The distinguishing feature of dragonfishes is a long thin protrusion known as a barbel anchored at the fish's chin that trails below its body. The barbels look like tree branches, and each species has a unique barbel pattern. At the end of the barbel is a bioluminescent organ the animals use like a fishing lure to attract prey, mainly lanternfish. If the barbels served only this function, scientists would expect all dragonfishes to have similar barbels. However, because the protrusions are so varied, some theorize the fish may also use them to identify other members of their own species for reproduction.

As astrobiologists speculate about diversity as one might imagine arising in unusual environments either terrestrially or on a distant, extrasolar planet, the discovery of new species in some of the most thoroughly studied places on Earth is noteworthy. As Tyson concluded: " Try describing a snake to somebody who has never seen one: "You gotta believe me. There is this animal on Earth that 1) can stalk its prey with infrared detectors, 2) swallows whole live animals up to five times bigger than its head, 3) has no arms or legs or any other appendage, yet 4) can slide along level ground at a speed of two feet per second!"

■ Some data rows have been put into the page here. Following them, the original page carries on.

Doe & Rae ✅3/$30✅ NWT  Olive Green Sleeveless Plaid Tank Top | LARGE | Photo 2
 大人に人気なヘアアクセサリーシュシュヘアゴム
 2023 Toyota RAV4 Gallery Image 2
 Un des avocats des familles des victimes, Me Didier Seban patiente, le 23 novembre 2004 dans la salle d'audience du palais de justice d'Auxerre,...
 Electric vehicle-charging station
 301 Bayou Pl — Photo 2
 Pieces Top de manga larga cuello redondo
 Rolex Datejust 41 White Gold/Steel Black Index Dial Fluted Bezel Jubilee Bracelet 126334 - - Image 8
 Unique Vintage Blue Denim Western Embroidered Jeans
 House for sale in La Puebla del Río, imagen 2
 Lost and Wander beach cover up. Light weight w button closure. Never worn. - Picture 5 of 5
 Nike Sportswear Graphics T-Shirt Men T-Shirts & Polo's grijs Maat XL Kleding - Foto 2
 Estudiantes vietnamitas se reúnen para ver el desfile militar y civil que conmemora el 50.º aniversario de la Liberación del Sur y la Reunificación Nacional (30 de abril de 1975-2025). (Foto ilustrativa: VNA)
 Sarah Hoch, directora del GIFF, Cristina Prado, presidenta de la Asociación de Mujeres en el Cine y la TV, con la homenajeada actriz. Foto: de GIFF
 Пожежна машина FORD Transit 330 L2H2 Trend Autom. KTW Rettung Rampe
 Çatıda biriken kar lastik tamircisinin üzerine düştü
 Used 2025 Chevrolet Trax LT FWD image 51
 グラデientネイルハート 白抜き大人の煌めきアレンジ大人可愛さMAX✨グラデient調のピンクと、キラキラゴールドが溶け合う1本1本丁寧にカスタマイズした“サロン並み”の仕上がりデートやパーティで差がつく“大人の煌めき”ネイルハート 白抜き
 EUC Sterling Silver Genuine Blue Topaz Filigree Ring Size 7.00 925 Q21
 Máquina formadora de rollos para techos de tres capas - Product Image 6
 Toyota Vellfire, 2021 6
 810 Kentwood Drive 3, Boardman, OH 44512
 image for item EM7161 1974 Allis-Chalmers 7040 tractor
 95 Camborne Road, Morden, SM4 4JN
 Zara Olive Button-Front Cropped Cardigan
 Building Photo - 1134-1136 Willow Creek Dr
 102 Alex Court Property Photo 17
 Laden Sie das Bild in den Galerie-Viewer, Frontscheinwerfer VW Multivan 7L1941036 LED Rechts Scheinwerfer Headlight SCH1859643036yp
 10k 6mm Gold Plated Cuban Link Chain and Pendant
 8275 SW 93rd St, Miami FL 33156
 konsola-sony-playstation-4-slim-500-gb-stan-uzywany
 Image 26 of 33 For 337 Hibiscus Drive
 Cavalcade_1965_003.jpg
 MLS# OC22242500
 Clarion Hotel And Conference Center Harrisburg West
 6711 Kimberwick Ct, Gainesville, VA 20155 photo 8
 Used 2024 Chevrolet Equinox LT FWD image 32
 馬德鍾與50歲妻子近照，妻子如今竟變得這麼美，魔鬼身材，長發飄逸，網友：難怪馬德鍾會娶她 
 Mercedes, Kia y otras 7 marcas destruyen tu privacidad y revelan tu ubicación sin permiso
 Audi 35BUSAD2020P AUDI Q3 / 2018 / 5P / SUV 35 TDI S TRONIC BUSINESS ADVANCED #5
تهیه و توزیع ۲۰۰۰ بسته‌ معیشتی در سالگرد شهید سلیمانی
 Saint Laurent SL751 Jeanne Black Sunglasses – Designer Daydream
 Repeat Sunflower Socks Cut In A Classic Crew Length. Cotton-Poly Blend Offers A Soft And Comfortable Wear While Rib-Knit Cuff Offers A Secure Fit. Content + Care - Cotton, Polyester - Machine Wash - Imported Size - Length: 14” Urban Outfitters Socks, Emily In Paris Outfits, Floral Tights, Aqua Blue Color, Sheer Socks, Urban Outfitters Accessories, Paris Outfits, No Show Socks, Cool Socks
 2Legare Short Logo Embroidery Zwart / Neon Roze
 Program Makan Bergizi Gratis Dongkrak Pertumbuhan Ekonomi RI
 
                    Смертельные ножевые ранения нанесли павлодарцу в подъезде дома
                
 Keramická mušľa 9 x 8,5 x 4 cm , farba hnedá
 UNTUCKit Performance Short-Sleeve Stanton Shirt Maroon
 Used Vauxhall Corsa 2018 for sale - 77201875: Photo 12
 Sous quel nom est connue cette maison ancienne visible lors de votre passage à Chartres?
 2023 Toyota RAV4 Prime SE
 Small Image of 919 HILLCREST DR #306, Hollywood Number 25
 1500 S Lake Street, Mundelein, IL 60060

The new Dragonfish glows with biologically-produced light, camouflages itself against glinting sunlight to any prey below it, and uses its own fleshy fishing pole to lure another bizarre species, the lanternfish, to its death. The new species is apparently rare enough to individualize the pattern of this lure also to identify itself to the opposite gender for what must be rare encounters for reproduction.